Nokia and Qualcomm Technologies have together laid an important brick on the path to a commercial 5G network roll-out in 2019. The two mobile tech giants recently completed interoperability testing using the latest 5G New Radio specification, which was finalised in December.
These over-the-air tests were carried out at Nokia’s 5G centre of excellence in Oulu, Finland. They involved a commercially-available Nokia AirScale base station and Qualcomm Technologies 5G NR UE prototypes, which operated in the approved 3.5Ghz and 28Ghz spectrums.
Jane Rygaard, Head of 5G Marketing for Nokia, told 5G.co.uk: “Open collaboration and interoperability is essential in the development of 5G. The interoperability testing we’ve been doing with Qualcomm Technologies has been essential to ensure the network infrastructure side from Nokia and the device side from Qualcomm, in order to understand the 5G NR specification needs that our customers will implement”.
The next step will be for the two companies to initiate 5G New Radio field trial collaborations with a series of mobile network operators throughout 2018. BT/EE, Deutsche Telekom, Elisa, KT, LGU+, NTT DOCOMO, Optus, SKT, Telia and Vodafone Group are all said to be committed to working together on such trials.
We asked Nokia about the level of involvement the aforementioned operators have had in these 5G NR trials to date. Nokia told us that these operators were “endorsing the trial, as they have a vested interest in knowing that 5G NR network is fully interoperable with devices (and chipsets) provided by Qualcomm.”
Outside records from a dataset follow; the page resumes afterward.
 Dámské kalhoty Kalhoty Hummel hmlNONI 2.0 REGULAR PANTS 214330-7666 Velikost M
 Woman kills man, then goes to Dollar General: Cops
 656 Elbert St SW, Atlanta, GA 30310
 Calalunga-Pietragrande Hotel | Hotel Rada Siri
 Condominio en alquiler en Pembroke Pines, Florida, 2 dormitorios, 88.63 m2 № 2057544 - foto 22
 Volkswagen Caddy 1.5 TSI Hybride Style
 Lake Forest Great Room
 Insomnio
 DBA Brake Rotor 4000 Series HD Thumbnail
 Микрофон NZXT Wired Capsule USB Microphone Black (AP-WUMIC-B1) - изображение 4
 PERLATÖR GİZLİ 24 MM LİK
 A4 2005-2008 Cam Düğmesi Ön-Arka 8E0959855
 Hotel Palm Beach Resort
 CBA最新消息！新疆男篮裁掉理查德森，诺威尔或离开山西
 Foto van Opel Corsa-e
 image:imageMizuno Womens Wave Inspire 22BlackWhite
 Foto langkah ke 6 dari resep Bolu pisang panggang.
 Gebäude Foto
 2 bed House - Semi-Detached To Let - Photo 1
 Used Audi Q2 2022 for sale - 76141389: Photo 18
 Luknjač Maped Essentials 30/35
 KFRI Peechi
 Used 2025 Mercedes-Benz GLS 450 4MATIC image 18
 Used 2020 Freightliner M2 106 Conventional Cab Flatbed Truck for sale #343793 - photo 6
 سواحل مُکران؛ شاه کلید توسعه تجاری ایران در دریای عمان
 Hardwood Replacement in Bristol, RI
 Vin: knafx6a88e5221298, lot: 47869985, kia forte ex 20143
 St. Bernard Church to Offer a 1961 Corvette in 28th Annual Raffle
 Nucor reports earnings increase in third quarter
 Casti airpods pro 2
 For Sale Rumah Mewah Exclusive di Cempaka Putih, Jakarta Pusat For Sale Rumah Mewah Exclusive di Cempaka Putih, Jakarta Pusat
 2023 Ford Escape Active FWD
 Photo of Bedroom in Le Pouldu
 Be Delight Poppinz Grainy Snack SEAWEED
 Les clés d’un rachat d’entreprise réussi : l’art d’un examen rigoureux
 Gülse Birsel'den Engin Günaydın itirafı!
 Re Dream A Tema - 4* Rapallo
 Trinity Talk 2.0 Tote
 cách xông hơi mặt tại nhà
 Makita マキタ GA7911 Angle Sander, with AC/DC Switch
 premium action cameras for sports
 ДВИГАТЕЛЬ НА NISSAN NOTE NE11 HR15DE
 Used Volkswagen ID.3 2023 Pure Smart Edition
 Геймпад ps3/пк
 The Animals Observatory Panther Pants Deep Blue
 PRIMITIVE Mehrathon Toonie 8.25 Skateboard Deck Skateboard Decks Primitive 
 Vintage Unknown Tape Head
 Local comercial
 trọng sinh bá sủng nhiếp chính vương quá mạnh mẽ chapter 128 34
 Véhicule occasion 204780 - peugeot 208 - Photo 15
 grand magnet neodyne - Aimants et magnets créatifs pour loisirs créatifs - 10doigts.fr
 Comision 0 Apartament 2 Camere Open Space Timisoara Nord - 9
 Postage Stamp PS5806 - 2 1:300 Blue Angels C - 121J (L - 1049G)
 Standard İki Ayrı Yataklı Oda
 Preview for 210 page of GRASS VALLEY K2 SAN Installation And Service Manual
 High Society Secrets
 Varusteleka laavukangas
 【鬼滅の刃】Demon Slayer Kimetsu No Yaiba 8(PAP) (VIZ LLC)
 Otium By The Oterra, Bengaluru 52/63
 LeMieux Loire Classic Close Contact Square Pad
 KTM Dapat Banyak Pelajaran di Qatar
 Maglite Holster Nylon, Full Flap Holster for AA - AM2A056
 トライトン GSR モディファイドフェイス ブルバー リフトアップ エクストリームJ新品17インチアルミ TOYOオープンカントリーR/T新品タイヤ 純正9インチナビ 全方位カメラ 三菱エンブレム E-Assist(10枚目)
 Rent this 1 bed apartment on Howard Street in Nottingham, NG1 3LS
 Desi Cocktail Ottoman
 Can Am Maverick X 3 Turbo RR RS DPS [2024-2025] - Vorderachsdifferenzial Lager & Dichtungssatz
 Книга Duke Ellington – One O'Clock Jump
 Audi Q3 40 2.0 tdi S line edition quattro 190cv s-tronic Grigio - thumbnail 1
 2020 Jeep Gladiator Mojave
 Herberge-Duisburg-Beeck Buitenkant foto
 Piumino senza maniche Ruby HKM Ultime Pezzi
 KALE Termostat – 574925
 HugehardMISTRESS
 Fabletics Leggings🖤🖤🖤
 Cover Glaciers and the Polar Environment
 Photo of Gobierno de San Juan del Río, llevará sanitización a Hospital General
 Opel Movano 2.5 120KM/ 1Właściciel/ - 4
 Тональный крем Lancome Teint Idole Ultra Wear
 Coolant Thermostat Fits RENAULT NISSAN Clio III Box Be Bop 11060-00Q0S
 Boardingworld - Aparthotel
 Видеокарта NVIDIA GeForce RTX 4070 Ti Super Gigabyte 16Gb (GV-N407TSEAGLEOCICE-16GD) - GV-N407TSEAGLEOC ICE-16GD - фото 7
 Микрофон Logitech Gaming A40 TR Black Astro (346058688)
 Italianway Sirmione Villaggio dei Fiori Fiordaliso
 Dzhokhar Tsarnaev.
Qualcomm’s involvement in these tests is key as the biggest supplier of mobile chipsets in the world. The American chip maker announced the development of the world’s first commercial 5G modem in October, alongside a reference 5G smartphone design. Whatever the first batch of 5G-ready smartphones looks like, it’s highly likely that they’ll be powered by Qualcomm silicon.
That said, while Qualcomm recently announced that it was working with 18 smartphone makers to produce this first wave of 5G devices, Apple and Samsung were both noticeable by their absence from the list.
Nokia, meanwhile, will be a familiar name to anyone who owned a mobile phone in the pre-smartphone era of the late ’90s and early ’00s. In recent years, the Finnish company has shifted towards the supply of large-scale telecommunications infrastructures.
In particular, Nokia became a major player in the development of 5G wireless technologies when it bought Alcatel-Lucent in 2016 for €15.6 billion. The French telecoms company had invested heavily in 5G R&D prior to Nokia’s purchase, and this expertise was seen as a key reason for the acquisition.
Nokia recently announced the ReefShark chipset, which promises to reduce the size, cost and energy consumption of 5G cell sites.